With an additional three decades of data documenting the continuing discriminatory application of the death penalty, Hoag advocates that a new challenge to the constitutionality of the death penalty should be mounted, “centered on the undervaluation of Black lives.” That challenge should identify specific cases that appear as close to identical as possible on their face but resulted in a death sentence for a Black defendant charged with murdering a white victim and no capital prosecution at all for a defendant charged with murdering a Black victim. Defense counsel should then marshal the evidence of “racism in the community where the cases are being prosecuted, in the prosecuting attorney’s office, and in the investigating police department” and “evidence of racial discrimination from the specific prosecutors involved in the charging decisions — their record of [discriminatory jury selection practices], their personnel files, and any public statements they have made.”
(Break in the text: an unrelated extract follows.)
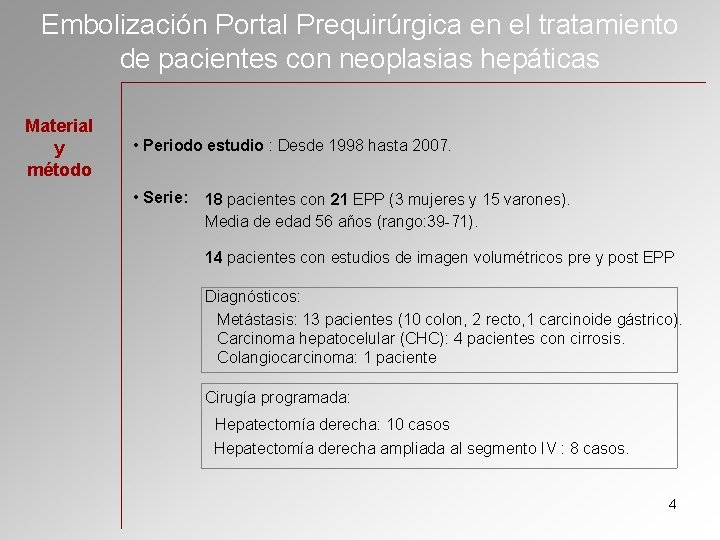 Embolización Portal Prequirúrgica en el tratamiento de pacientes con neoplasias hepáticas Material y método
No death penalty system will eliminate racism from its application, Hoag argues, so long as “the American public and the justice system continue to undervalue Black lives. Where multiple actors in the justice system — law enforcement, prosecuting attorneys, and the jury — all contribute to consistent race-of-victim disparities in death sentencing, there can be no constitutional administration of capital punishment.”
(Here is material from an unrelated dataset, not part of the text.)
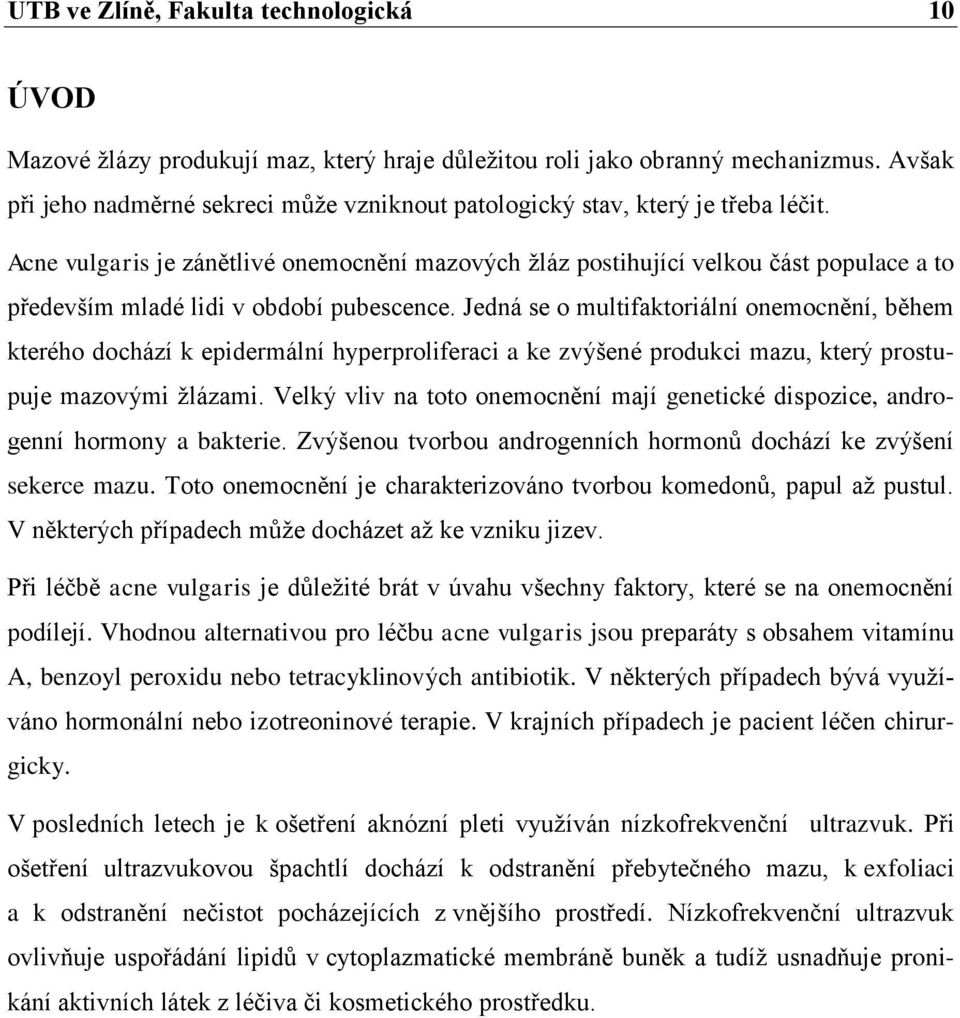 Acne vulgaris je zánětlivé onemocnění mazových žláz postihující velkou část populace a to především mladé lidi v období pubescence.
Hoag concludes, “Placing equal value on Black lives — perpetrators and victims — relative to white lives, would compel the criminal legal system to address longstanding racial discrimination in the operation of the death penalty. Rather than expand or even reform capital punishment, the only solution is abolition.” Abolition, she says, “forces the law to confront the dehumanization, violence, and racial degradation inherent in death sentencing. Empirical evidence gathered since Furman illustrates that our nation is incapable of administering the death penalty free from racial discrimination. It is time for this nation to cease tinkering with the machinery of death and to abolish capital punishment.”